Oddly, the filmmakers chose not to include any scenes in which Graham confers with deputy editorial page editor Meg Greenfield (Carrie Coon). Although the two were good friends, and Greenfield was influential in Graham’s evolving confidence, the viewer would never know it from a movie that instead includes more than a few soft-focus interludes with Graham at home with her daughter Lally (Alison Brie), worrying about the family legacy she carries, and which she might be sending to its finest – or irrevocably fatal – hour.
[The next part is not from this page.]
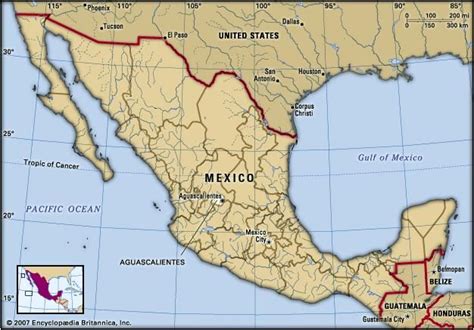 Aguascalientes Mexico Map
Those scenes demonstrate how Spielberg plays up the personal, professional and political stakes with efficiency and legibility, but in ways that occasionally risk spilling over into obviousness. He and longtime cinematographer Janusz Kaminski have brightened up their usual palette of pale blues and grays to give “The Post” welcome warmth, but they often swirl the camera into circles to cover up for otherwise static, speechifying scenes.

And, as he so often does, the director tacks on an extra ending for the benefit of the cheap seats that always come first in his calculations, subtlety be damned. And subtlety is damned, for eternity, in John Williams’ shamelessly manipulative score.
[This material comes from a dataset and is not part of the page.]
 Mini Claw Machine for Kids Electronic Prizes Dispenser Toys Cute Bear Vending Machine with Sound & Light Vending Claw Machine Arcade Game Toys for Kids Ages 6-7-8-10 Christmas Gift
Still, that instinctive sense of what it takes to connect with a mass audience – so often snobbily dismissed as “middlebrow” – is precisely what distinguishes Spielberg as an artist, and it allows “The Post” to go for broke with such unselfconscious energy, feeling and, every so often, sheer beauty. And in fairness, sometimes what seems like overkill is backed up by the facts: If Bradlee’s young daughter Marina setting up a lemonade stand at a crucial juncture strikes some filmgoers as folksy to a fault, they should know that it really happened that way.

It’s up to individual viewers to decide the present-day relevance of a story in which a touchy, overweening president can be heard going after a newspaper he deems a personal enemy – “The Post” includes snippets from the actual Nixon tapes – or in which a working woman encounters endless, patronizing slights and condescension, only to come into her own with admirable, self-effacing resolve. But few will be immune to the romance that lies at the center of a movie that takes as much delight in pneumatic tubes, linotype machines and telexes trailing like bridal veils as it does in temperamental opposites finding common purpose in the institution to which they’re both truly, madly and deeply devoted.

“The Post” works on many levels, from polemic and thinly veiled cautionary tale to fun period piece and rip-roaring newspaper yarn. But at its most gratifying, it’s a love story, from the lede to the kicker.